Metropolitan News-Enterprise


Wednesday, August 1, 2018


Page 1


Court of Appeal:

Request of Jury to Watch Defendant Walking, to Compare to Video of Robber, Properly Denied

Opinion Affirms Judge Who Said the Fact That Perpetrator, Captured on a Surveillance Tape, Limped, Does Not Rule Out Guilt of Accused; Faltering Gait Might Have Been Temporary


By a MetNews Staff Writer


Los Angeles Superior Court Judge Michael A. Cowell committed no abuse of discretion in declining a request by jurors, during deliberations, to have the defendant walk in front of them so they could compare his gait with that of a robber depicted on a surveillance tape, limping, the Court of Appeal for this district has held.

Jurors made the request for additional evidence notwithstanding that DNA evidence showed there was but one chance in 42 trillion that defendant Raudel Marquez was not the man who had bound the wrists of one of the two robbery victims with tape, with DNA extracted from that tape. (DNA taken from a zip tie, with which the other victim’s wrists were restrained, indicated one chance in 2,400 that the robber was not Marquez.)

The after-hours robbery at a nail salon in a Pico Rivera mini-mall took place on March 1, 2015. The surveillance tape, showing the robber, came from a camera mounted on a restaurant four doors down, and did not definitively depict the defendant.

Marquez’s lawyer asked Cowell to reopen the evidence and allow the requested demonstration so jurors could see that his client doesn’t limp. The judge responded:

“It’s too late for testimony. You could have had him walk and-stand up and walk. First of all, this happened so long ago, he could have had a broken leg at that time, for all I know. It’s completely irrelevant at this stage of the proceedings. He may have had a pebble in his shoe, if it was him. I’m not going to allow it. I’ll say no.”
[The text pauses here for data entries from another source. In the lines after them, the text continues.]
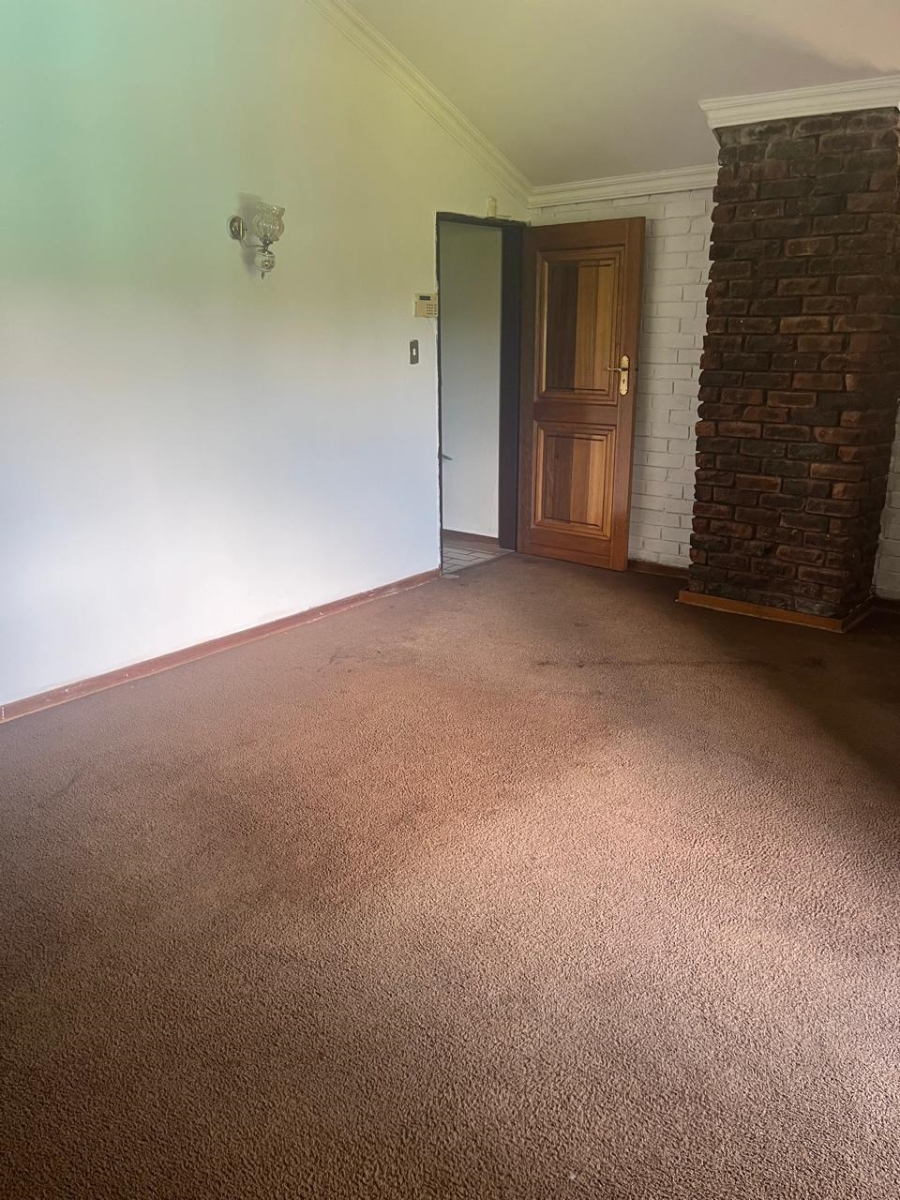 To Let 5 Bedroom Property for Rent in Carlswald Gauteng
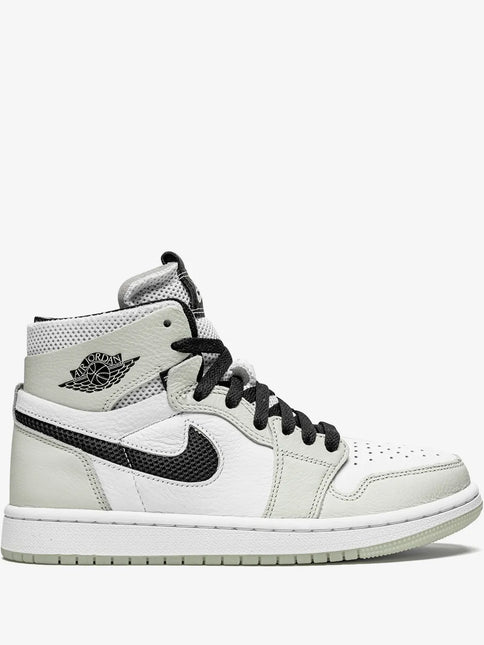 Men's Nike Zoom Air CMFT  Light Bone Shoes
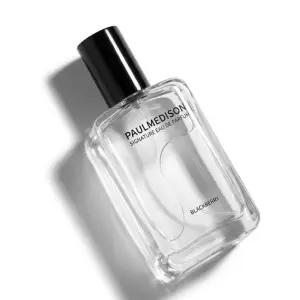 폴메디슨 시그니처 오드 퍼퓸 블랙베리 50ml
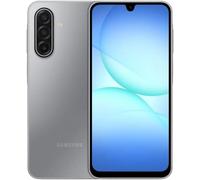 Samsung Galaxy A17 4G Gris 128 Go 4 Go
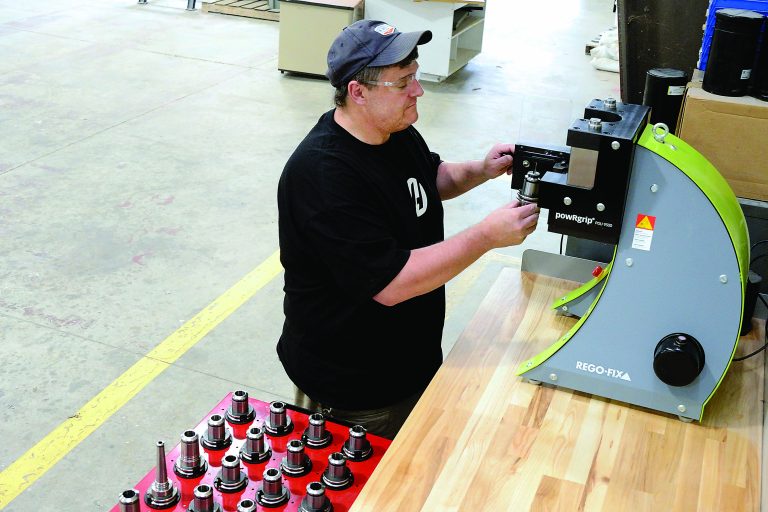Related image for Rego-Fix Tool Corp.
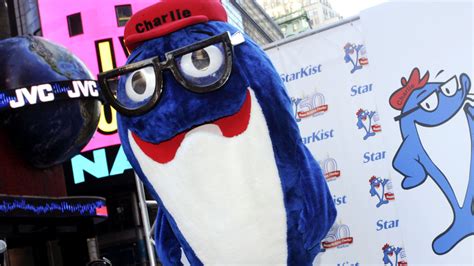 The Most Iconic Food Mascots Of All Time, Ranked From Worst To Best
Div. Four, in an opinion filed Monday and not certified for publication, affirmed Marquez’s conviction on one count of second-degree robbery and two counts of false imprisonment.

‘Remarkably Similar’ Case

Justice Thomas Willhite remarked that the present situation is “remarkably similar” to that present in a 1994 case, People v. Funes. There the defendant was convicted of the second degree murder of a man he struck on the head with a baseball bat.

The jury in that case had queried whether the defendant was left-handed or right-handed. The judge denied the defense’s motion to reopen to show that the accused was right-handed and thus could not have struck the fatal blow.
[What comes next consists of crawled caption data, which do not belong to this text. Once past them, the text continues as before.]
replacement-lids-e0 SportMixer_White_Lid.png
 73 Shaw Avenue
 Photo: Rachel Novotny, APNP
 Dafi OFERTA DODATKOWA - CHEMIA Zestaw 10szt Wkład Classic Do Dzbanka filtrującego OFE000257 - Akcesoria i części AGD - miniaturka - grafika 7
Div. Three of the First District’s Court of Appeal affirmed, holding that the request came late in the proceeding, the evidence could have been presented earlier, the jury would be apt to give the evidence undue weight given that it raised the matter, and it was lacking in significance.

Willhite’s Opinion

Willhite wrote:

“That the person depicted in the surveillance video appeared to limp was obviously known to the defense prior to trial. Had it been important to the defense, defense counsel could have asked the court to have defendant demonstrate his walking pace before the close of evidence. Defendant’s lack of diligence in pursuing this evidence militates against its admission at the late stage in the proceedings.
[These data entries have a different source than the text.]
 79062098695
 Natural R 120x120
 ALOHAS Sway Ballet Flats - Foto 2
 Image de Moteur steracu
“Further, as in Funes, it was likely that the jury here would accord the late evidence undue emphasis, given that the jurors raised the issue themselves. Finally, the evidence was not particularly probative. Assuming defendant did not walk with a limp at trial, that fact would have little relevance to prove he was not the robber. The crime occurred on March 1, 2015. The trial occurred two years later, in March 2017. That defendant may not have walked with a limp at trial would not reasonably suggest that he did not walk with a limp on the date of the robbery two years earlier, caused by some temporary condition or injury. Moreover, the evidence would not have undercut the victims’ testimony (there was no testimony concerning whether the robber limped) or the DNA evidence connecting defendant to the zip ties and tape used in the robbery.”

The case is People v. Marquez, B281593.